In the past two months, women have come forward about questionable and sexually violent acts by former Canadian Broadcasting Corporation (CBC) radio host and celebrity Jian Ghomeshi outside of the workplace, a matter now before Ontario courts. Reports of sexual harassment and unequal treatment of women in the workplace on the part of Mr. Ghomeshi have also emerged.
In an on-camera Fifth Estate investigation of the issue, a CBC official said that no complaints were filed and no problems were identified following the Corporation’s internal investigation involving 17 employees. Employees say that they were not, in fact, contacted for information.
And long before these allegations and internal probes, a lecturer at the University of Western Ontario’s journalism school knew that all was not right at Q. According to reports, the lecturer and the school were aware of Mr. Ghomeshi’s overly flirtatious ways. Female students were discouraged from interning at Q.
As this story continues to unfold, it is in many ways nothing short of shocking. At the same time, I can disappointingly say that it is not. Women have been subject to abuse and sexual harassment in the workplace.
In the midst of the Ghomeshi revelations came other allegations of sexual harassment on Parliament Hill.
South of the border, allegations that Bill Cosby has been drugging and raping women for decades have emerged (or reemerged depending on with whom you speak). Recent reports that Mr. Cosby demanded that young girls, assistants and interns from the Late Show with David Letterman silently sit and watch him eat pre-show curry are nothing short of odd.
And more recently, FHRITP has come to our backyard. Young men shouting unmentionable obscenities to on-camera (or about to go on camera) female journalists.
And in the middle of all of this a suggestive rendering of Kim Kardashian’s ass on the cover of Paper Magazine while Andre Picard argues that we need to pay more attention to eating disorders, particularly among women.
The pressures are great. Their origins are everywhere. They know no bounds. Their implications are real.
Women in the labour force face significant challenges.
Women are disproportionately precariously employed. They make less than men. They struggle re-entering the labour force. And they are often faced with a lack of choice when faced with sexual harassment in the workplace.
A former female producer of Q has come forward to explain that, amidst ongoing sexual harassment from Mr. Ghomeshi, she went years without reporting it because: “I feared for my job and my career: getting asked to be part of the original production team behind Q was the biggest break I’d ever had. It was my first permanent, full-time job. I had stability, many excellent colleagues and a dental plan. The show became a conspicuous success with a known celebrity at its helm. If I quit, where else was there to go?”
Janice Dickinson, who alleges that Mr. Cosby drugged and raped her in 1982, has said that her reasons for not coming forward were because he was powerful, she was young, she trusted him and she was embarrassed.
Where does the responsibility lie if women are terrified to come forward, fearful to jeopardize the stability of their jobs and their careers?
Like the former Q producer, she was a woman attempting to make a career.

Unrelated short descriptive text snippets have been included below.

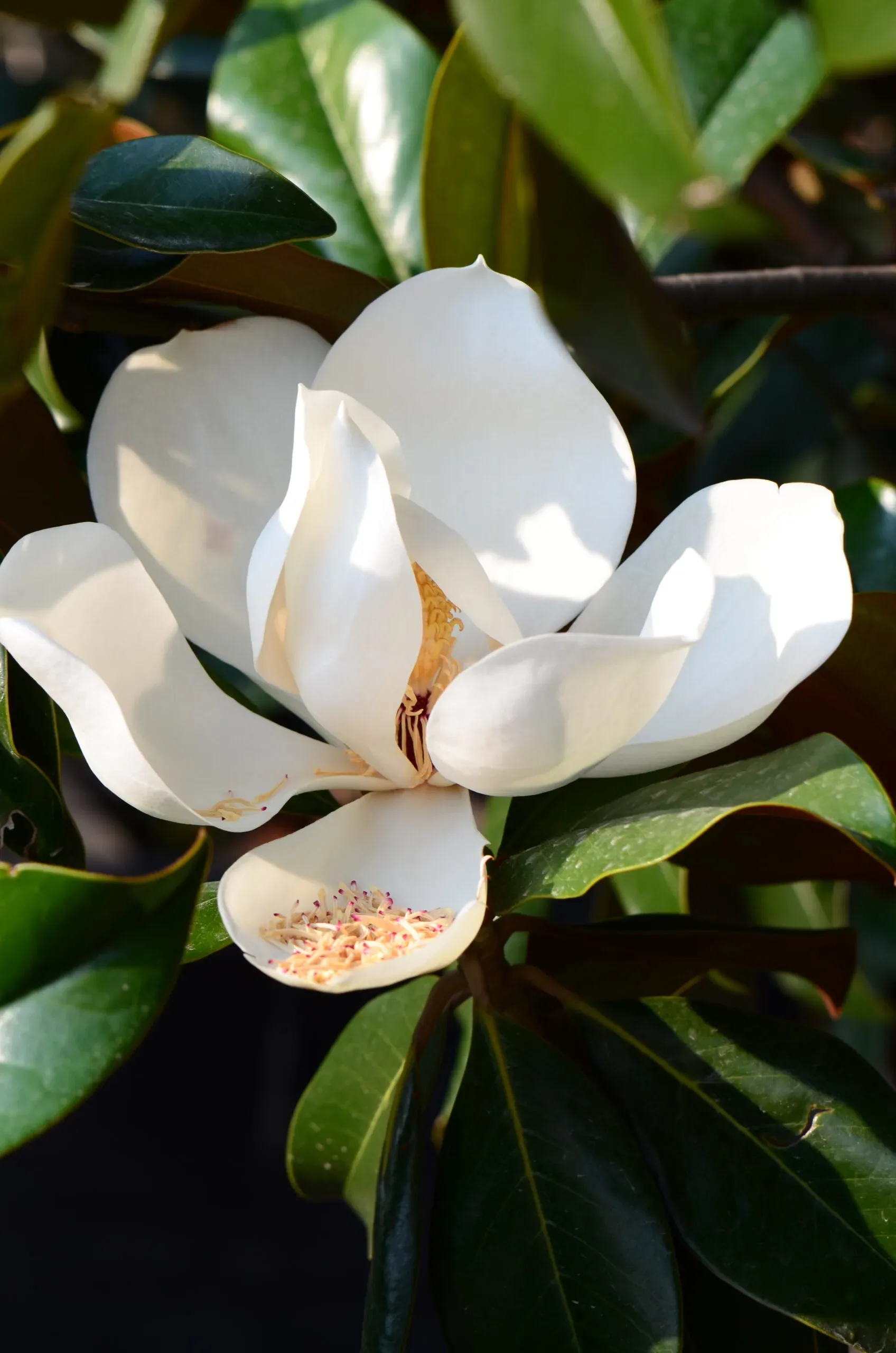 Magnolia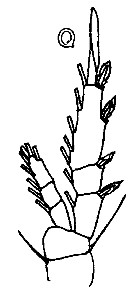 Espce Dioithona rigida - Planche 12 de figures morphologiques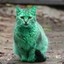 _GreeN_CaT_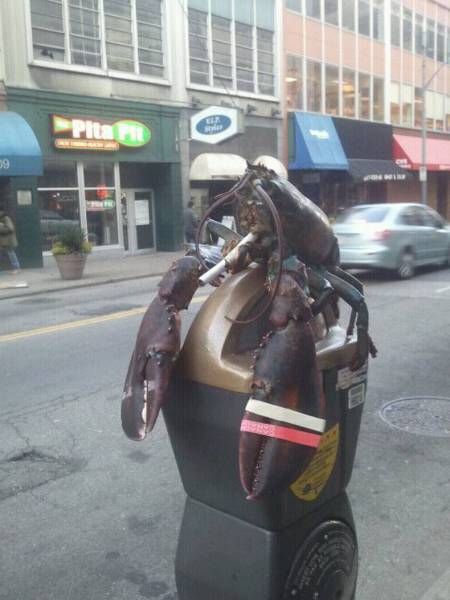 Daily Pictures. Part 1 (63 pics) Daily Pictures. Part 1 (63 pics)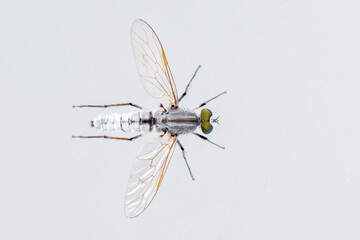 Image of the Asilidae are the robber fly family, also called assassin flies. on white background. From top view. Insect. Animal
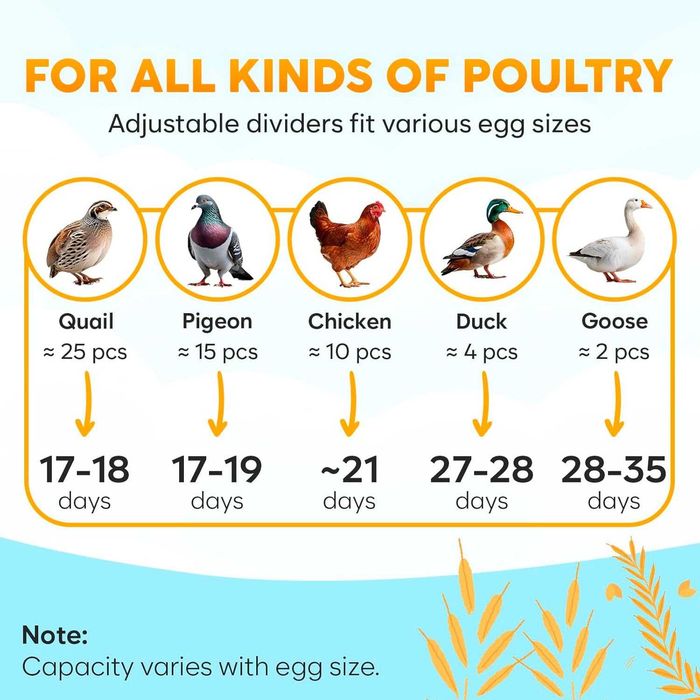 Инкубатор за 12 яйца с автоматично завъртане на яйцата и контрол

Sheryl Sandberg, Facebook CEO, has received attention for her book Lean In: Women, Work and the Will to Lead. In it, she argues that, among other things, women need to participate more fully in the decisions and actions that surround their careers; that they should ‘lean in’ to discussions, advocate on their own behalf, and seek mentors to help them advance where they need to be.
I love this book. While this is good advice and indeed important for many women, it occurs to me that leaning in is difficult if what you are forced to lean in to is an erectile egomaniac.
Another favourite read of mine, Sylvia Ann Hewlett’s Forget a Mentor, Find a Sponsor, discusses the need to find advocates for career advancement. What if your advocate demands sexual favours? Sadly this scenario is not shocking. It is reality, and unfortunately, silently so.
The ink does not stop here. But where else must it bleed? And for how long?
I ask, where does the responsibility lie if women are terrified to come forward, fearful to jeopardize the stability of their jobs and their careers?
I don’t think I have the answer. We have been voicing these concerns for decades. It is not as though the Ghomeshi or Cosby revelations should offer us additional clairvoyance, despite the insistence that these come-forwards are calls to action.
After all, it was 25 years ago that Marc Lépine killed 14 women at the Ecole Polytechnique in Montreal. A massacre because they were women. In a place where they should have been safe, on their way to becoming part of the labour force.